If you’re a Microsoft Windows fan, think of it as a system restore.
I also appreciate the more liturgical form of worship because it requires participation. You’re not allowed to sit silently throughout the service, dozing off or being distracted. And you’re not just involved, you’re also regularly verbally affirming and expressing your faith. Some Christians have to look up the Creed if they want to know what it is and what it contains. I never did, because I was saying it every week at twelve years old (I was Roman Catholic). Some people don’t like the liturgy because they think it’s mechanical and forced. And yet they have no problem with a church service that follows an unwritten liturgy week in and week out:
For me the question is not whether or not your church will form routines. Of course it will. The question is: What will those routines be? Why not form them by design, centred around what you believe to help you to focus on Christ? That’s what the liturgy is. What’s more, it has been done over a long period of time and done well. It is not just true but it has aesthetic beauty too.
But the truth is, this sort of thinking for me is a justification after the fact.
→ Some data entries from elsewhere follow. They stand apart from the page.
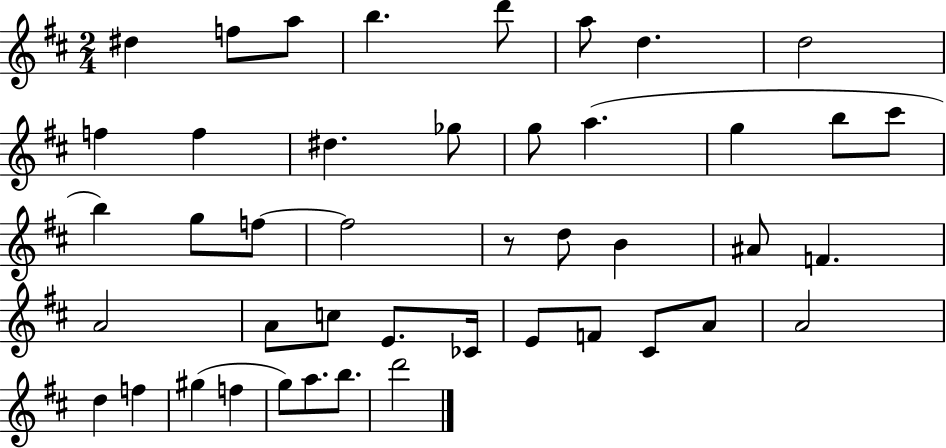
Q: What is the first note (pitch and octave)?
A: D#5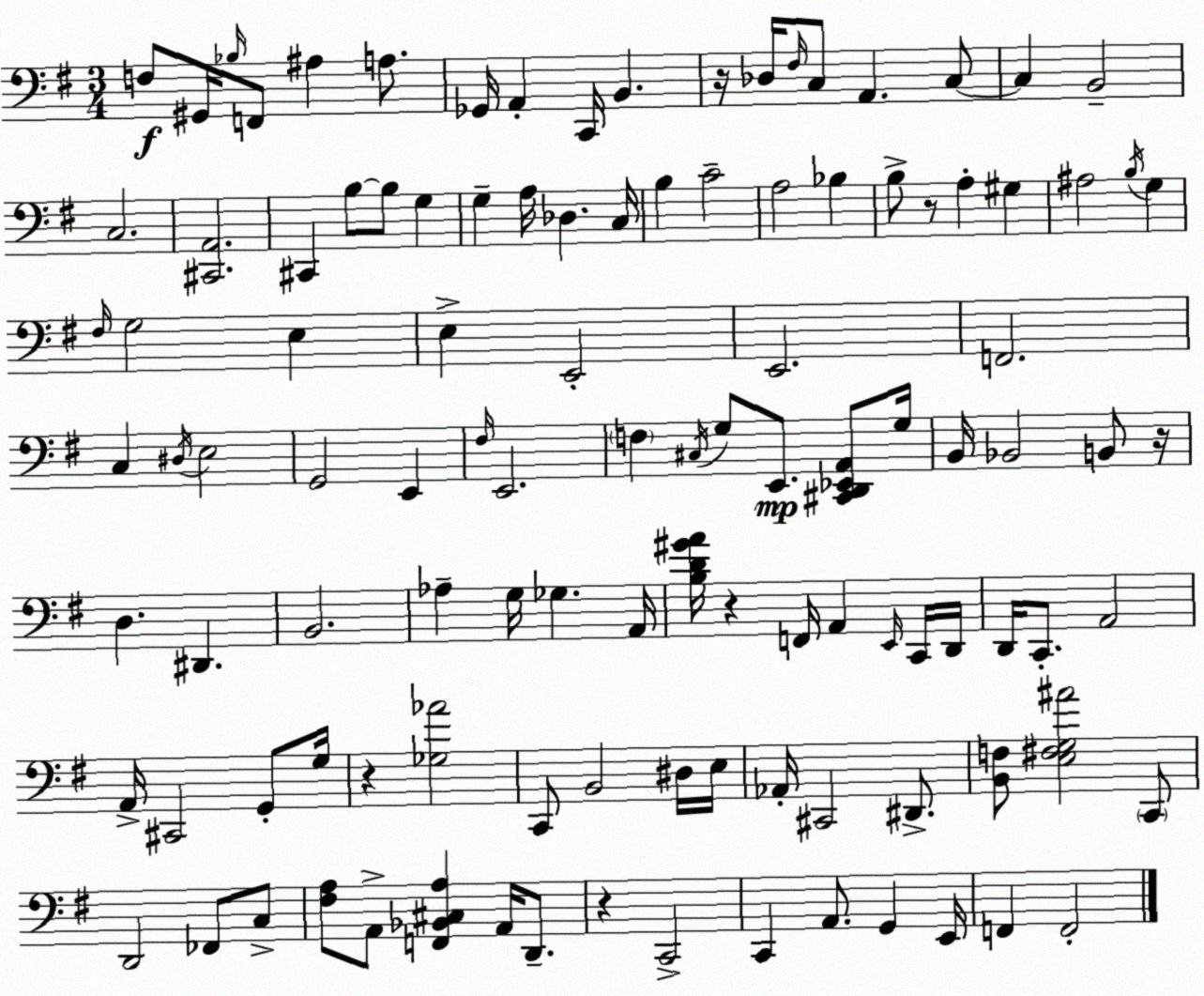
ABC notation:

X:1
T:Untitled
M:3/4
L:1/4
K:G
F,/2 ^G,,/4 _B,/4 F,,/2 ^A, A,/2 _G,,/4 A,, C,,/4 B,, z/4 _D,/4 ^F,/4 C,/2 A,, C,/2 C, B,,2 C,2 [^C,,A,,]2 ^C,, B,/2 B,/2 G, G, A,/4 _D, C,/4 B, C2 A,2 _B, B,/2 z/2 A, ^G, ^A,2 B,/4 G, ^F,/4 G,2 E, E, E,,2 E,,2 F,,2 C, ^D,/4 E,2 G,,2 E,, ^F,/4 E,,2 F, ^C,/4 G,/2 E,,/2 [^C,,D,,_E,,A,,]/2 G,/4 B,,/4 _B,,2 B,,/2 z/4 D, ^D,, B,,2 _A, G,/4 _G, A,,/4 [B,D^GA]/4 z F,,/4 A,, E,,/4 C,,/4 D,,/4 D,,/4 C,,/2 A,,2 A,,/4 ^C,,2 G,,/2 G,/4 z [_G,_A]2 C,,/2 B,,2 ^D,/4 E,/4 _A,,/4 ^C,,2 ^D,,/2 [B,,F,]/2 [E,^F,G,^A]2 C,,/2 D,,2 _F,,/2 C,/2 [^F,A,]/2 A,,/2 [F,,_B,,^C,A,] A,,/4 D,,/2 z C,,2 C,, A,,/2 G,, E,,/4 F,, F,,2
If there was nothing appealing about Anglicanism then I wouldn’t be making this move, but the appeal is not, as far as I can tell, what served as the catalyst for this change. Maybe it should have been, but it didn’t. Years ago (in 1996), before I went to Bible College and before Ruth and I were married (but at a time when we were pretty sure we would be), I asked her what she would think of being a pastor’s wife. I knew that I wanted to do something God related and I wasn’t really all that sure what, but being a pastor seemed to be in the right neighbourhood. So after we were married I went to Bible College, and because I tend to go all the way with things, I didn’t stop at an undergrad degree but just kept going until I ended up in 2008 with a PhD, and not even a PhD in theology (although my field of study was a close cousin, and in some quarters the degree could have been completed within a theology department). In the years since then I’ve worked in a desk job, occasionally made an application for a teaching job, blogged, written and had a number of speaking gigs. Apart from the desk job I’ll probably do these things until I return to the dust whence I came.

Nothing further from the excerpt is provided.